[Source data]

• • • • • • •

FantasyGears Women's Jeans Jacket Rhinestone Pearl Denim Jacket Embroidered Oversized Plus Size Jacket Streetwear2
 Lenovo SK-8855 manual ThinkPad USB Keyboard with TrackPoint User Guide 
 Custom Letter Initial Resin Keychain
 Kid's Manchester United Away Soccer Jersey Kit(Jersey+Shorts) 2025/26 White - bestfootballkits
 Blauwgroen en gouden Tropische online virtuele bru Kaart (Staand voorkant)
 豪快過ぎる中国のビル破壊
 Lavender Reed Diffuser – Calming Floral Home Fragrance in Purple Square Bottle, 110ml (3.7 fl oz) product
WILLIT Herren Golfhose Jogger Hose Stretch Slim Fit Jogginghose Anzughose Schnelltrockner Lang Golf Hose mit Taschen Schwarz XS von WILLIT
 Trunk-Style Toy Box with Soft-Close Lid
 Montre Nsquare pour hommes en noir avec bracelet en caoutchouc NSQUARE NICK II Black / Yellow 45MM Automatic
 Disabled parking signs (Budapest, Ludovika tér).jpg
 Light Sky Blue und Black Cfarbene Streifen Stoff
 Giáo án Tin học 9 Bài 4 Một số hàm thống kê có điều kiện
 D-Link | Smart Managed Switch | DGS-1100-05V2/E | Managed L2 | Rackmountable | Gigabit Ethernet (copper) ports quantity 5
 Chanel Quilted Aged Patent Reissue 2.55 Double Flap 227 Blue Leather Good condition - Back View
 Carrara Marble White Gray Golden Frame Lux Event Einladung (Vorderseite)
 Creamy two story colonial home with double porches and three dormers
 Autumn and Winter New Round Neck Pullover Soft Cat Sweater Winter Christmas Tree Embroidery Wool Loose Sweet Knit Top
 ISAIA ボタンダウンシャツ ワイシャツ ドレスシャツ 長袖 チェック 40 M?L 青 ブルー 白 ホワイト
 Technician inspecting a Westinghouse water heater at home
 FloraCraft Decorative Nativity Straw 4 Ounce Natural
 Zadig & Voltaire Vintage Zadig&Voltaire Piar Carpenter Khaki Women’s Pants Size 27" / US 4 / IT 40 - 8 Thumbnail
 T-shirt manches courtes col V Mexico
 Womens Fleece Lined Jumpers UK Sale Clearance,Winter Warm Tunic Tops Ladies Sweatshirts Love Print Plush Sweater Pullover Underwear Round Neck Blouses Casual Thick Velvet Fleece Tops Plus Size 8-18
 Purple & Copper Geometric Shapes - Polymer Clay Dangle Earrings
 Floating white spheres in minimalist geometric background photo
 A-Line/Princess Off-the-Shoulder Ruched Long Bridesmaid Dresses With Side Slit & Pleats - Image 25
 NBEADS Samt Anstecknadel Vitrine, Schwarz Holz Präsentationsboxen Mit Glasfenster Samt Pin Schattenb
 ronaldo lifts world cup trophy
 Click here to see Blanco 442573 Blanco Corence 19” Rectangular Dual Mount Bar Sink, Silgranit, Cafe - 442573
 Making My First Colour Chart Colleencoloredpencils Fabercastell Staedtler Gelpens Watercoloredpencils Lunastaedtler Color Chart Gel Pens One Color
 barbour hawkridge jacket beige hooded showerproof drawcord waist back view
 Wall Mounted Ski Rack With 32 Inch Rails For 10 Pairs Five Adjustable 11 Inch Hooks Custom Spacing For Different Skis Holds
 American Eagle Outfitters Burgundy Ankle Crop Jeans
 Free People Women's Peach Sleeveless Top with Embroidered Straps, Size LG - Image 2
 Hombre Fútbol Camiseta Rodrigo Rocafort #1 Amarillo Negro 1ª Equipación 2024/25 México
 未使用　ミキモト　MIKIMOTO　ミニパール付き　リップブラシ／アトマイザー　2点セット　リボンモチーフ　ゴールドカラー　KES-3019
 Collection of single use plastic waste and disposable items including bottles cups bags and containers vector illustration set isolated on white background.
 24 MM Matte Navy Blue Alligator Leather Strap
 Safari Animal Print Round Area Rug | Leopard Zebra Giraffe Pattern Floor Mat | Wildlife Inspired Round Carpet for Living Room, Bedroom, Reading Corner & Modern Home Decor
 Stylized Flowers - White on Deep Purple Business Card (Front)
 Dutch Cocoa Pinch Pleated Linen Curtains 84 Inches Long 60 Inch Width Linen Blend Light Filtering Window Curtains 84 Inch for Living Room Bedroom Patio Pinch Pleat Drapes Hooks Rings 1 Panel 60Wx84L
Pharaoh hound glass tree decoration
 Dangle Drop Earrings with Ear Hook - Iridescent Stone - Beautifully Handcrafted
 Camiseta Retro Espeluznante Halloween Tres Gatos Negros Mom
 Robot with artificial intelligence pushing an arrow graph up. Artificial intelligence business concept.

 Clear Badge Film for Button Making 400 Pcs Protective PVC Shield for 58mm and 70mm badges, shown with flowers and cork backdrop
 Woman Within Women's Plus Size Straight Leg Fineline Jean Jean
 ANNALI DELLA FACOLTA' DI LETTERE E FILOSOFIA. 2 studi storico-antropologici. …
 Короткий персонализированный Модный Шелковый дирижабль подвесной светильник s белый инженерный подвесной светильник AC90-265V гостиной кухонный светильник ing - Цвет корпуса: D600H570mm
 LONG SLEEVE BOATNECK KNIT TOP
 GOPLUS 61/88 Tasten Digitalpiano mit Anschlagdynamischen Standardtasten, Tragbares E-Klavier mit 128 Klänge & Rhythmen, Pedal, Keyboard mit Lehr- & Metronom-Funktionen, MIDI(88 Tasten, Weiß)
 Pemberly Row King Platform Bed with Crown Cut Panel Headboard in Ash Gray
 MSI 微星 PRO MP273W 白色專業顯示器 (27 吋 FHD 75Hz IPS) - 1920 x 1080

• • • • • • •

Reproduce exactly, with nothing added, the lines from the one that contains "Clear Badge Film" to the end of the data.

 Clear Badge Film for Button Making 400 Pcs Protective PVC Shield for 58mm and 70mm badges, shown with flowers and cork backdrop
 Woman Within Women's Plus Size Straight Leg Fineline Jean Jean
 ANNALI DELLA FACOLTA' DI LETTERE E FILOSOFIA. 2 studi storico-antropologici. …
 Короткий персонализированный Модный Шелковый дирижабль подвесной светильник s белый инженерный подвесной светильник AC90-265V гостиной кухонный светильник ing - Цвет корпуса: D600H570mm
 LONG SLEEVE BOATNECK KNIT TOP
 GOPLUS 61/88 Tasten Digitalpiano mit Anschlagdynamischen Standardtasten, Tragbares E-Klavier mit 128 Klänge & Rhythmen, Pedal, Keyboard mit Lehr- & Metronom-Funktionen, MIDI(88 Tasten, Weiß)
 Pemberly Row King Platform Bed with Crown Cut Panel Headboard in Ash Gray
 MSI 微星 PRO MP273W 白色專業顯示器 (27 吋 FHD 75Hz IPS) - 1920 x 1080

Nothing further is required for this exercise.